I had previously devoted much attention to the pure colours of refracted light, the greatest possible intensity of colour attainable by mixing paint. It was exploring their patterns that I noticed the vision behind the eyelid, which has ever since been one of my most intensive experiences of colour. It is actually always different, depending on what evokes it from the sight without. But it changes even after I close my eyes, keeps moving in two senses as well: it floats upwards slowly, and its colours transform. Which means a moving medium is required for its representation, not in the least because light-colours belong to a colour scale that’s different from what we perceive in nature and what can be mixed from pigments. Its closest relatives are the bright light-colours of sun-lit stained-glass windows and those on a computer screen. Afterimages are moving, swarming, floating, luminous, active processes. All of which is at the same time reality that exists.
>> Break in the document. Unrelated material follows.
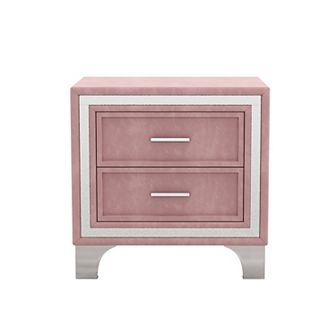 Merax 2-drawer Nightstand With Metal Legs
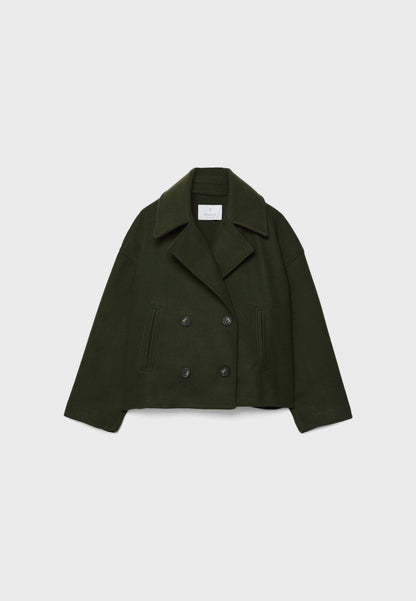 Veste Courte Femme Double Boutonnage Coupe Moderne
It is uncertain whether it can be grasped, objectified.

I find painting afterimages, just as modelling processes of the brain with computers, exciting because it is probably a sensual experience everyone’s familiar with. The same way as we sometimes “see stars” when knocked on the head (which stars I incidentally think are cobalt blue), or as our ear “rings” every now and then. At the same time, it would be difficult to prove whether we see things the same way, just as it is hard to ascertain what the differences are and what causes them.

What I’m intrigued by is the possibility of connecting the IMAGE and the AFTERIMAGE, as it dissolves the importance of the “theme”: anything can be the subject of inquiry, the human body, an object, a detail of a landscape, etc. The subject and boiling point of the observation and the inquiry is the question: is it possible to give a valid representation to highly intensive inner and outer visual processes by the combined means of painting and computing technology?